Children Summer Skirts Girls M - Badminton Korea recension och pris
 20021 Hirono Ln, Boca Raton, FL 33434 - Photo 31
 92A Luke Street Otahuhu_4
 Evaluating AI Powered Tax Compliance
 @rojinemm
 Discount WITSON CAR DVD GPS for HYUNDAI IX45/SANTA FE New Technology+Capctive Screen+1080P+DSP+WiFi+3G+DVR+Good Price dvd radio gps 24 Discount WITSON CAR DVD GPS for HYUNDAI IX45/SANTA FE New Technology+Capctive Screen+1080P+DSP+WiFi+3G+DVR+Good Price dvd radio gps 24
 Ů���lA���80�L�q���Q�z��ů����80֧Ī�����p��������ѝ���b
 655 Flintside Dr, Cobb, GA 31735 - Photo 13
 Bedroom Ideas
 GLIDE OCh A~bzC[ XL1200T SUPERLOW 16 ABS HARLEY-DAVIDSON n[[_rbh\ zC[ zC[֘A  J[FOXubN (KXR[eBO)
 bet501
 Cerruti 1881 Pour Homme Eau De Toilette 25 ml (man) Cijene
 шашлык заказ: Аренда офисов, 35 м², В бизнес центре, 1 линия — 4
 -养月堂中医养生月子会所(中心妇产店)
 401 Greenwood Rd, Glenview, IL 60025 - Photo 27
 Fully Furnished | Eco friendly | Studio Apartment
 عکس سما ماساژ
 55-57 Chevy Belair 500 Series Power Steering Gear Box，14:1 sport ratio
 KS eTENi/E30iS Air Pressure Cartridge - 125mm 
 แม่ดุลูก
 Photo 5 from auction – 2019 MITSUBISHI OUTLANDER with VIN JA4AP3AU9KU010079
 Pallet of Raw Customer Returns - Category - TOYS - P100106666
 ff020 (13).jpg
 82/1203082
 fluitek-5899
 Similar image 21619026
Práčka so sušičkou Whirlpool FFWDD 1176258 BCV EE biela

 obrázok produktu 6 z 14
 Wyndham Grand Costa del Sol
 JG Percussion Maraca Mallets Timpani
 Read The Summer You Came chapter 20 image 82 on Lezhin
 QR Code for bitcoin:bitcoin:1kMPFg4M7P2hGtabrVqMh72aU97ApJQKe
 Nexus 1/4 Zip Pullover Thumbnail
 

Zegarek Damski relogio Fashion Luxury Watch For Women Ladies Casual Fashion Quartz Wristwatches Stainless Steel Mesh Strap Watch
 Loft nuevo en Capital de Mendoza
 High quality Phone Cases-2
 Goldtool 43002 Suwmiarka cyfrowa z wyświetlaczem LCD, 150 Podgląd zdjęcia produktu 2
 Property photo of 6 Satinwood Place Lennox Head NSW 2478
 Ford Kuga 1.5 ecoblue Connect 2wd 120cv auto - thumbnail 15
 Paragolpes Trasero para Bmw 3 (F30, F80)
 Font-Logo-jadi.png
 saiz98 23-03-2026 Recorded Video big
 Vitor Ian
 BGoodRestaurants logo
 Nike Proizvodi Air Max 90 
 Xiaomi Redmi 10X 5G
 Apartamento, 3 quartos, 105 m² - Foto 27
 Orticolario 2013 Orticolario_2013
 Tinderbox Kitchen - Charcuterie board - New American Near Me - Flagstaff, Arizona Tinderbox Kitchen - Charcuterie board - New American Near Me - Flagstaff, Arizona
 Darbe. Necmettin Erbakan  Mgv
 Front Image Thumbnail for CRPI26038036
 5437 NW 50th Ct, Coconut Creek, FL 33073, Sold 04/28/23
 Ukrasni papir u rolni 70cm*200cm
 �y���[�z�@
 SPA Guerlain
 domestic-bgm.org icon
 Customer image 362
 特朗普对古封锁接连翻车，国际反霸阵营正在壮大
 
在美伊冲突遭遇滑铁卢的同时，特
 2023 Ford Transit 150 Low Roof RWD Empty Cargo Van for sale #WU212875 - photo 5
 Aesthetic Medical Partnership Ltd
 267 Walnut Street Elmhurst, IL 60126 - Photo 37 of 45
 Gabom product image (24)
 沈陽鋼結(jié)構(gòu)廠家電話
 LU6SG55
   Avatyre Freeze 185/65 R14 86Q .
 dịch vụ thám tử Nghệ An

Problem: Look above for the line with "Goldtool 43002 Suwmiarka" and the line with "在美伊冲突遭遇滑铁卢的同时，特"; transcribe both and all lines in between, exactly, and nothing else.

Task answer:
 Goldtool 43002 Suwmiarka cyfrowa z wyświetlaczem LCD, 150 Podgląd zdjęcia produktu 2
 Property photo of 6 Satinwood Place Lennox Head NSW 2478
 Ford Kuga 1.5 ecoblue Connect 2wd 120cv auto - thumbnail 15
 Paragolpes Trasero para Bmw 3 (F30, F80)
 Font-Logo-jadi.png
 saiz98 23-03-2026 Recorded Video big
 Vitor Ian
 BGoodRestaurants logo
 Nike Proizvodi Air Max 90 
 Xiaomi Redmi 10X 5G
 Apartamento, 3 quartos, 105 m² - Foto 27
 Orticolario 2013 Orticolario_2013
 Tinderbox Kitchen - Charcuterie board - New American Near Me - Flagstaff, Arizona Tinderbox Kitchen - Charcuterie board - New American Near Me - Flagstaff, Arizona
 Darbe. Necmettin Erbakan  Mgv
 Front Image Thumbnail for CRPI26038036
 5437 NW 50th Ct, Coconut Creek, FL 33073, Sold 04/28/23
 Ukrasni papir u rolni 70cm*200cm
 �y���[�z�@
 SPA Guerlain
 domestic-bgm.org icon
 Customer image 362
 特朗普对古封锁接连翻车，国际反霸阵营正在壮大
 
在美伊冲突遭遇滑铁卢的同时，特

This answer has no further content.